● Assignment
Could you print the stretch of lines below from the one with "Bedroom in 2" through the one with "Front One Hotel Sragen Exterior foto", exactly as they stand and without any pictures?

● Entries shown
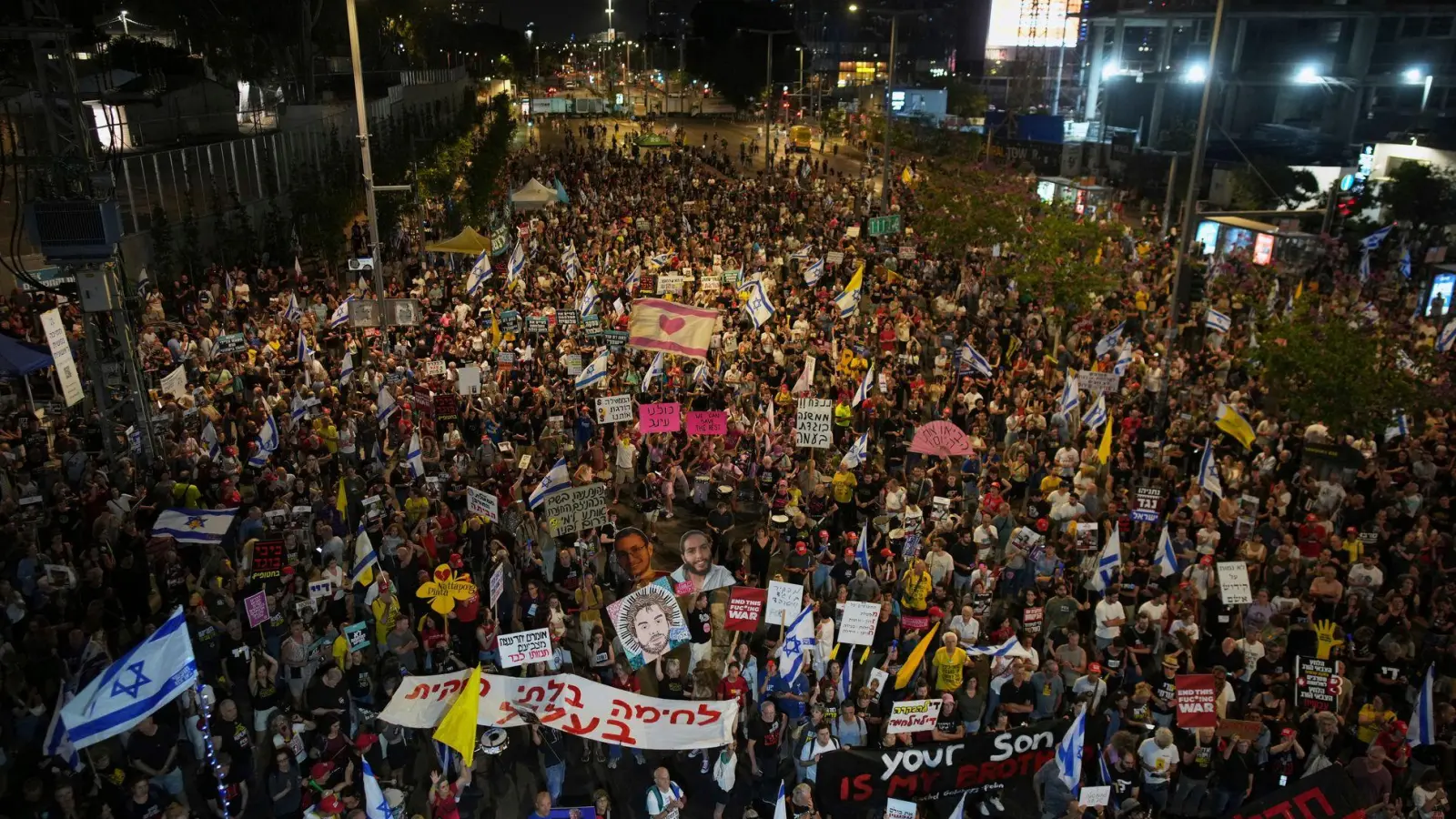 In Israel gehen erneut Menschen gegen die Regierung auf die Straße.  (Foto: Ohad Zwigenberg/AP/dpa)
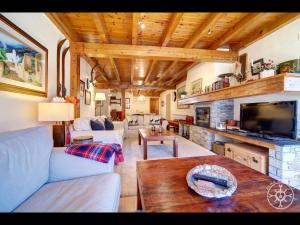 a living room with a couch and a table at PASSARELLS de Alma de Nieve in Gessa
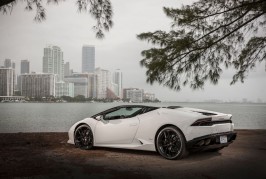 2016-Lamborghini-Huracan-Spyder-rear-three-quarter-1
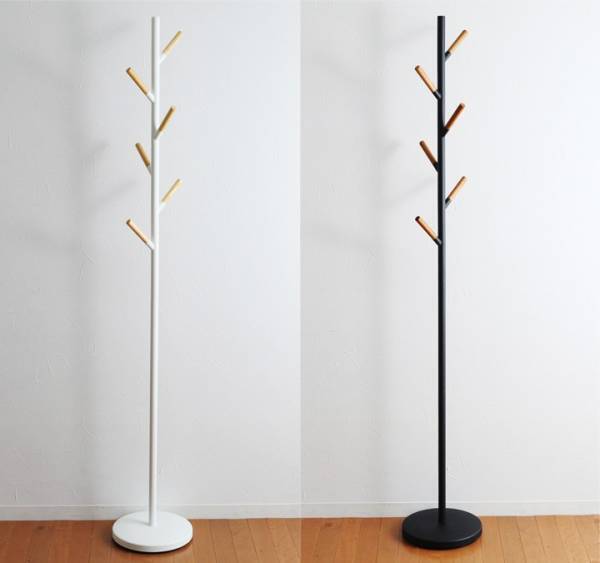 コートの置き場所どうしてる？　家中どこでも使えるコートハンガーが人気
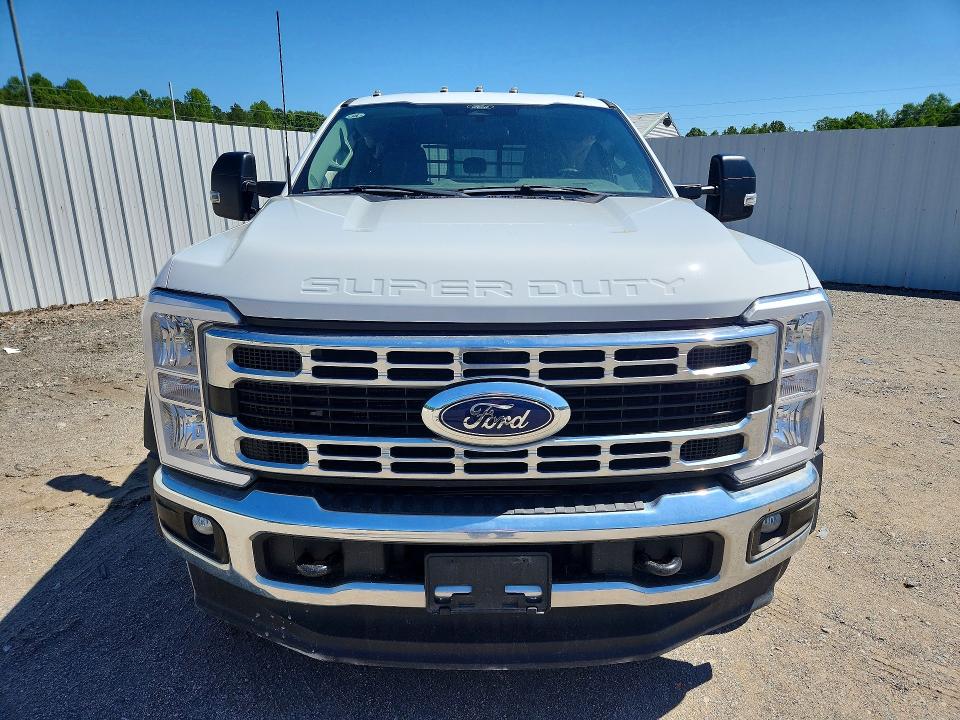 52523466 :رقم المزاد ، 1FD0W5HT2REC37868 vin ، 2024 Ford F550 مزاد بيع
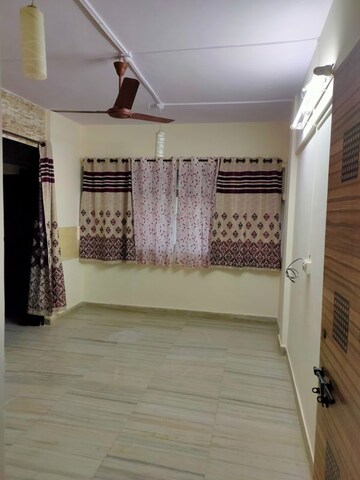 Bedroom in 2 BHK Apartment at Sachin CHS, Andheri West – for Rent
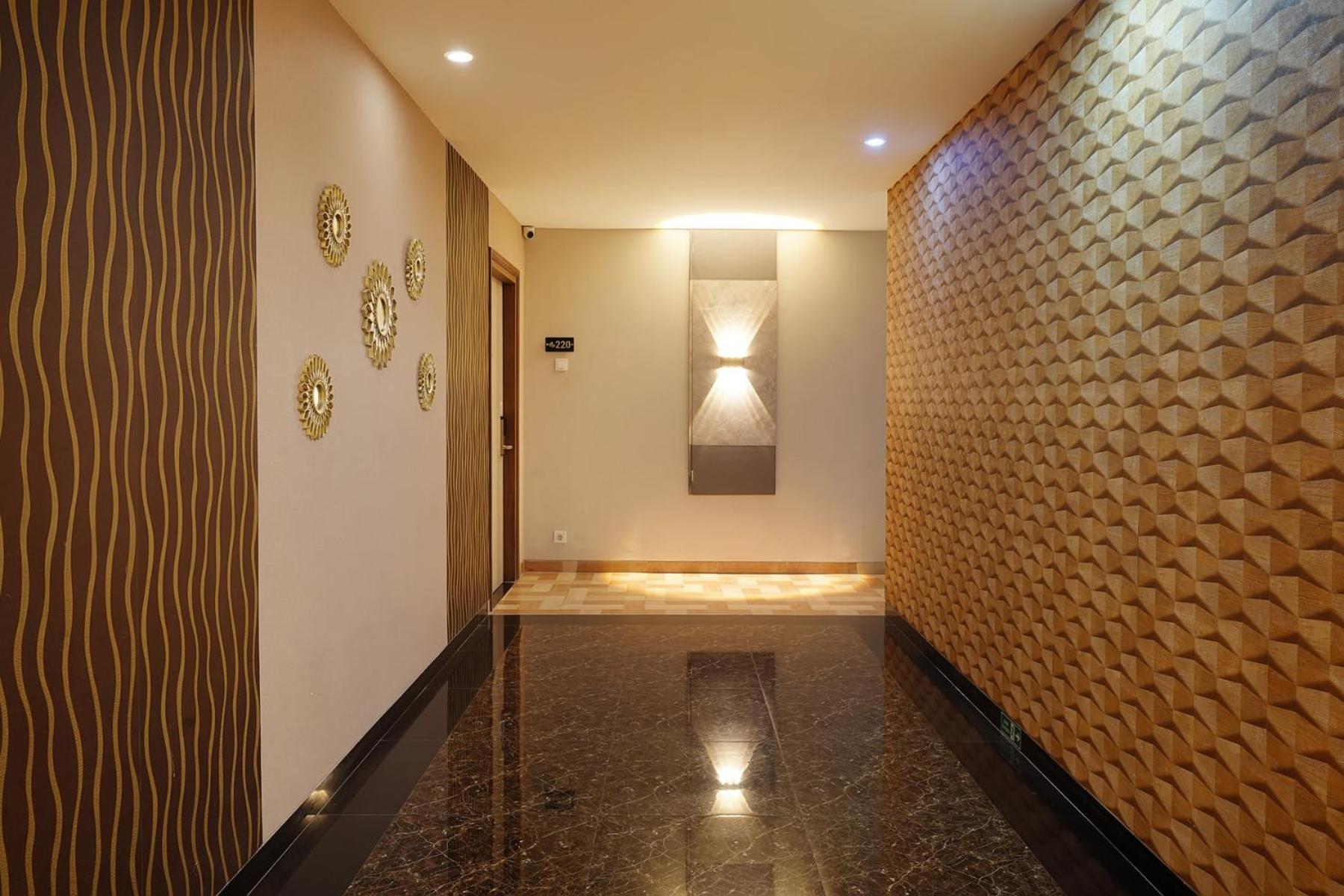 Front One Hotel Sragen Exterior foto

==

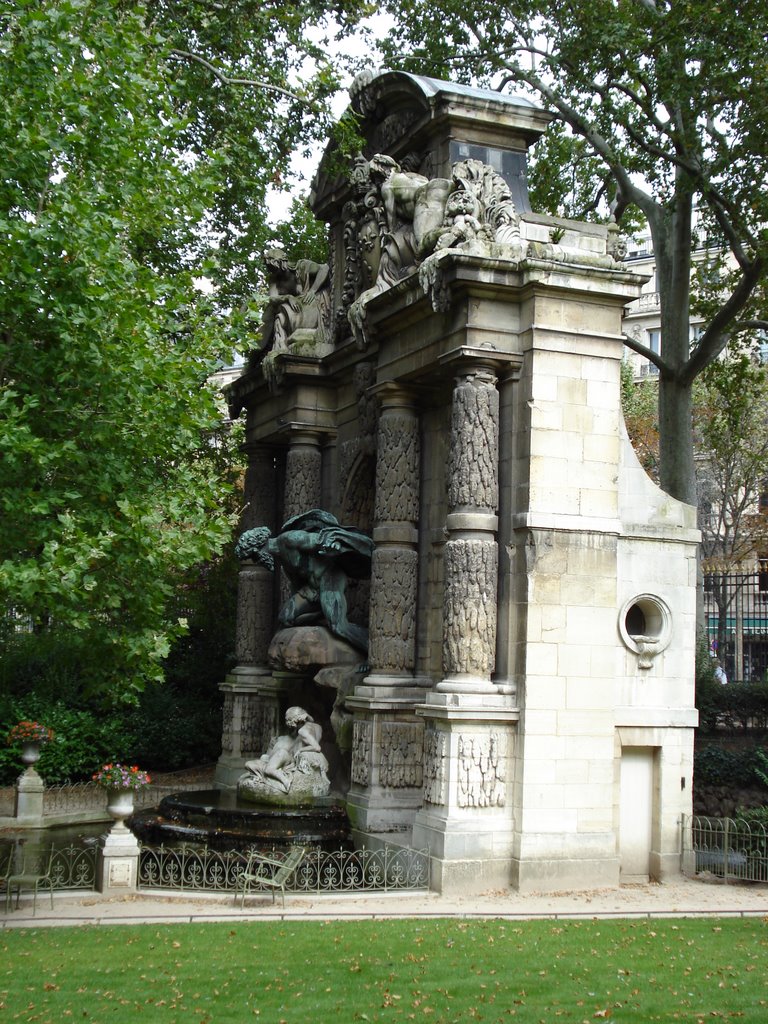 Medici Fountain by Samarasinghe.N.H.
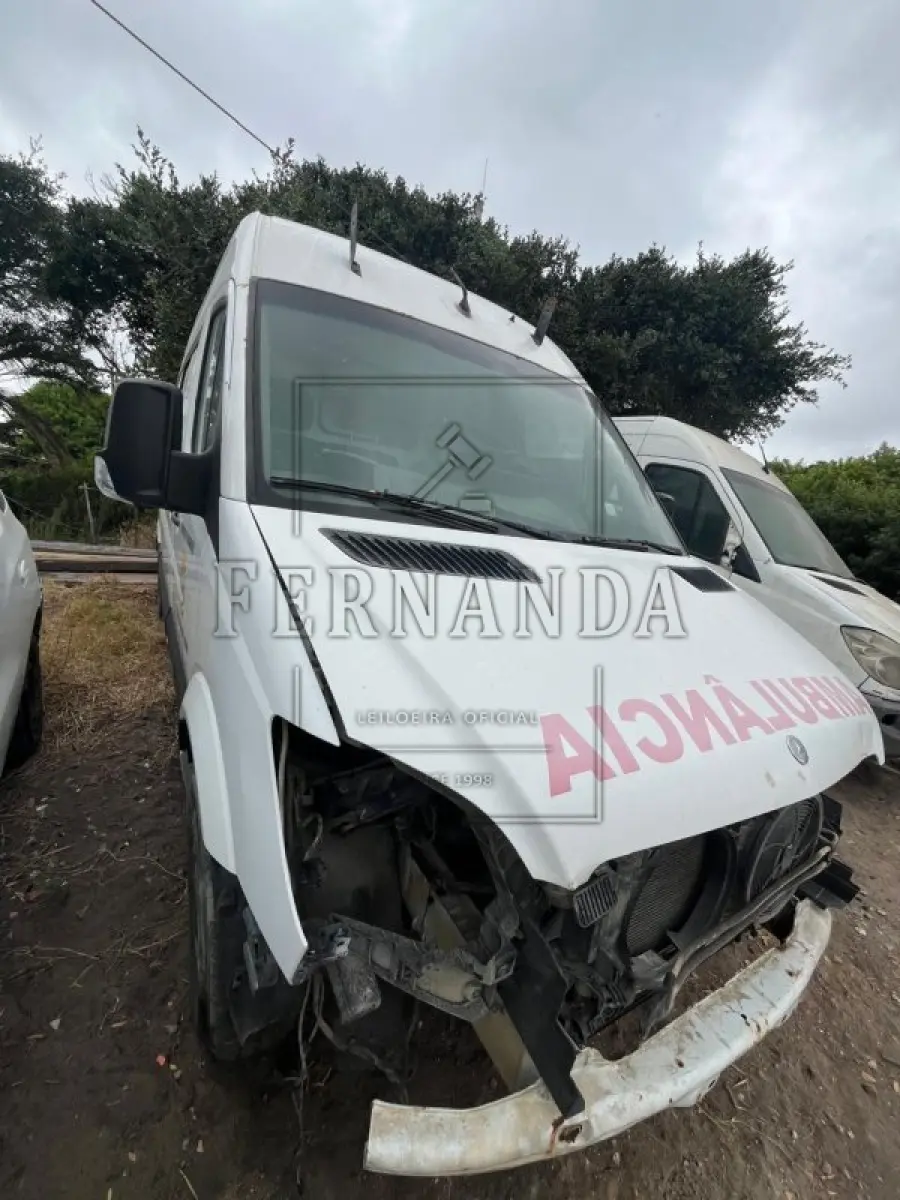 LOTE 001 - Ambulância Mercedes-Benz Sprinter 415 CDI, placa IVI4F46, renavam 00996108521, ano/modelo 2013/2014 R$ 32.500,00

* * *

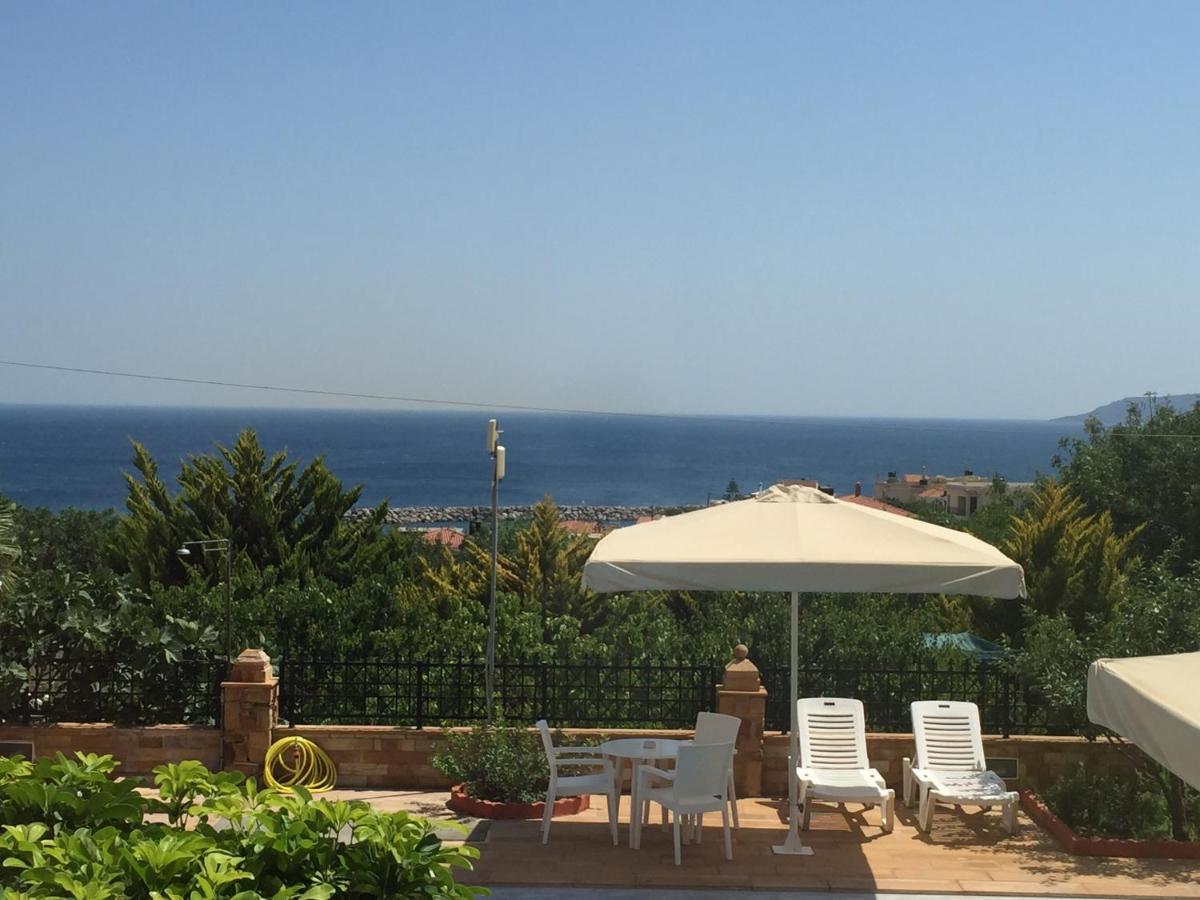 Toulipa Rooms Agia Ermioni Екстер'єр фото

● Answer for the task
 Bedroom in 2 BHK Apartment at Sachin CHS, Andheri West – for Rent
 Front One Hotel Sragen Exterior foto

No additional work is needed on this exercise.